Program Barat yaitu liberalisasi pemikiran Islam, akhir-akhir ini telah berbuah suatu gerakan yang mengklaim bahwa sedang memperjuangkan posisi dan status wanita. Ibarat pohon, feminisme memiliki akar tunjang yang tertancap kokoh bernama liberalisme. Feminisme kini telah memiliki buah yang disebut kesetaraan gender (gender equality). Di Indonesia paham kesetaraan gender selalu menjadi isu yang kontroversial, dengan ini kami berusaha secara kritis menelaah kembali feminisme dan paham kesetaraan gender dalam perspektif Islam.

Pohon Feminisme

Feminisme tumbuh dari bibit westernisasi yang bernama liberalisme. Ia tumbuh dan berkembang dari pergerakan sekumpulan perempuan dan janda-janda perang di Barat pasca perang dunia ke-II yang memusnahkan separuh laki-laki di medan perang. Keadaan kondisi saat itu mengharuskan perempuan untuk bisa mengambil alih posisi-posisi penting di pemerintahan dan industri untuk menggantikan pekerjaan laki-laki, yang kemudian lambat laun mendapat sambutan banyak pihak. Melalui usaha yang intensif, feminisme akhirnya menjadi ideologi yang berpengaruh dalam masyarakat dewasa ini.

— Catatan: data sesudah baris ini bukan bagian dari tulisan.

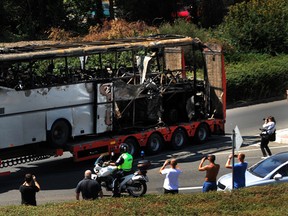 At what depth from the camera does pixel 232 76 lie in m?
34.4

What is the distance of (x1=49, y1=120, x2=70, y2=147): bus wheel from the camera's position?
21.2 meters

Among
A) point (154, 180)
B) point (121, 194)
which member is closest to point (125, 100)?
A: point (154, 180)

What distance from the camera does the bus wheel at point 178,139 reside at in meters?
24.3

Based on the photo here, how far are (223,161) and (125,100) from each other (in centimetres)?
374

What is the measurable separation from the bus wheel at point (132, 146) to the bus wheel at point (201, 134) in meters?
2.94

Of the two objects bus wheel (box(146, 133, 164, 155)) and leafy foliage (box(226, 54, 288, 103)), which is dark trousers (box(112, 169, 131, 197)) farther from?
leafy foliage (box(226, 54, 288, 103))

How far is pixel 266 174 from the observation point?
17.0 m

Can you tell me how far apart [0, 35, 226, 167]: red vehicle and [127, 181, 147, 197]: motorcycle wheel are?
4183 millimetres

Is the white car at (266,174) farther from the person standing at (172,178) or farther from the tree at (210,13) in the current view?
the tree at (210,13)

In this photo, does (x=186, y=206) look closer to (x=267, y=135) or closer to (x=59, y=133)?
(x=59, y=133)

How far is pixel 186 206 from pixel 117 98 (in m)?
11.0

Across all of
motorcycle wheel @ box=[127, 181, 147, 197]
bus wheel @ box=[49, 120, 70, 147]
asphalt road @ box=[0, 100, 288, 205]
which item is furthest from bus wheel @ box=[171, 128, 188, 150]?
motorcycle wheel @ box=[127, 181, 147, 197]

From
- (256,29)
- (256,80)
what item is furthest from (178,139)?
(256,29)

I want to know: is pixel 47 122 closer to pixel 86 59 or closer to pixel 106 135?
pixel 106 135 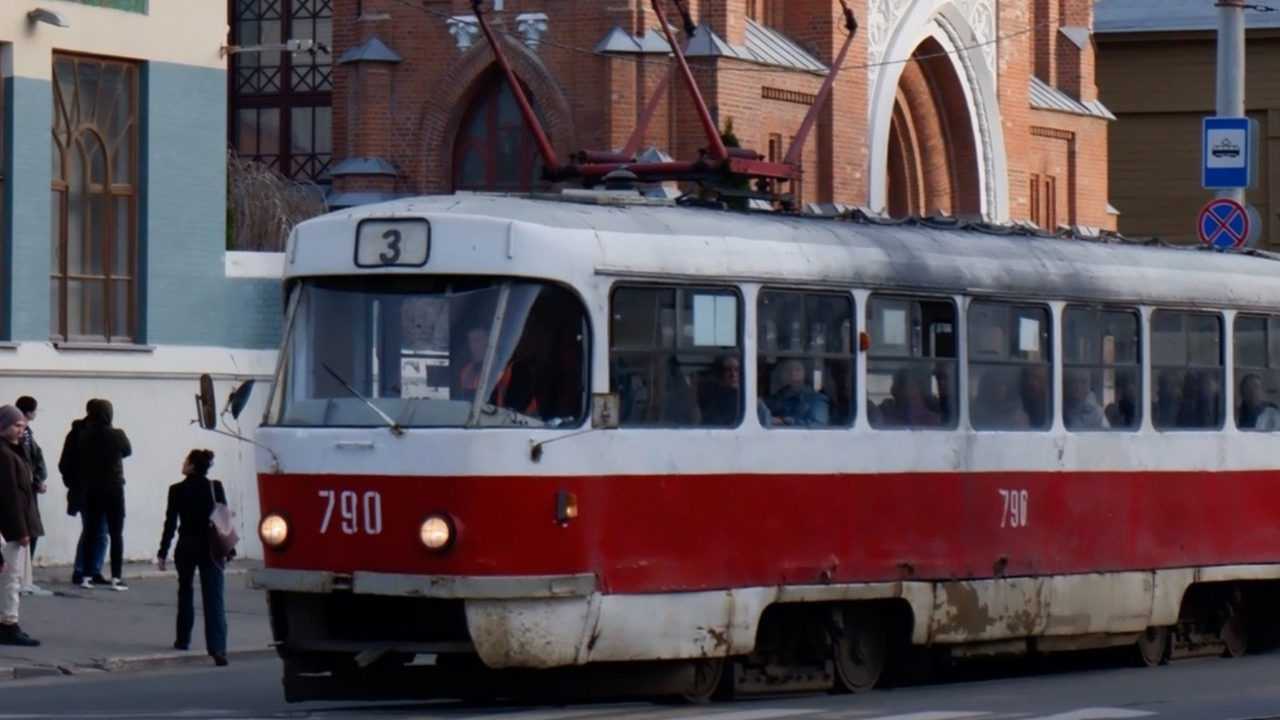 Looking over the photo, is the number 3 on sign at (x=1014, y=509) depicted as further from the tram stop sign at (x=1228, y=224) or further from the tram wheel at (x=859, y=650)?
the tram stop sign at (x=1228, y=224)

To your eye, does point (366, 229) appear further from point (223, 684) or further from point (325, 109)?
point (325, 109)

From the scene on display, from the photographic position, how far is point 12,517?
17.0 m

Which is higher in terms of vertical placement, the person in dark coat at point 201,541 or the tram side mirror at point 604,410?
the tram side mirror at point 604,410

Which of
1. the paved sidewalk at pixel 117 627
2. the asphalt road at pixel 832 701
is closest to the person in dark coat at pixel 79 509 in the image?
the paved sidewalk at pixel 117 627

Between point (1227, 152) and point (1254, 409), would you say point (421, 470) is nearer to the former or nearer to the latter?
point (1254, 409)

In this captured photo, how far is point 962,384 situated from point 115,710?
4982mm

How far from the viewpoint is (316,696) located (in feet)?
41.2

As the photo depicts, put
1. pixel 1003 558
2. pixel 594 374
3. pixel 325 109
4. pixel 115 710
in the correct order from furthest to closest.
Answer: pixel 325 109 → pixel 1003 558 → pixel 115 710 → pixel 594 374

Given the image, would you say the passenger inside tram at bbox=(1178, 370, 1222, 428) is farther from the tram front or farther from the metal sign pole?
the metal sign pole

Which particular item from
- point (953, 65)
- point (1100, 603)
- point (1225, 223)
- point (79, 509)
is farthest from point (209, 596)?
point (953, 65)

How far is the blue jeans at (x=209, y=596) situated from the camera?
656 inches

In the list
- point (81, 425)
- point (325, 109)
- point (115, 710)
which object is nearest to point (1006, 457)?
point (115, 710)

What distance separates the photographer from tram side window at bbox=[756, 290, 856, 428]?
1332 cm

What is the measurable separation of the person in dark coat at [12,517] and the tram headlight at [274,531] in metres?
4.69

Feminisme berasal dari kata femina atau feminin, feminis yang merupakan kombinasi dari dua kata Fe artinya iman dan Mina atau Minus yang artinya kurang, jadi femina berarti kurang iman. Untuk memahami lebih dalam terdapat banyak definisi untuk menggambarkan feminisme, diantaranya adalah  pernyataan Jacob E Safra (Henri Shalahuddin, 2018), yang menyatakan bahwa feminisme adalah ideologi yang memiliki nilai khusus terkait budaya lokal, lingkungan persekitaran dan sejarah kemunculannya. Feminisme adalah suatu pergerakan sosial yang mencari kesamaan hak untuk perempuan. Perhatian terhadap hak-hak perempuan semakin meluas sejak zaman pencerahan (enlightenment). keyakinan terhadap kesamaan dalam bidang-bidang sosial, ekonomi dan politik ini membuat faham feminisme barat dimanifestasikan di seluruh dunia dan diwakili oleh pelbagai institusi yang berkomitmen untuk aktivitas atas nama hak, dan kepentingan perempuan.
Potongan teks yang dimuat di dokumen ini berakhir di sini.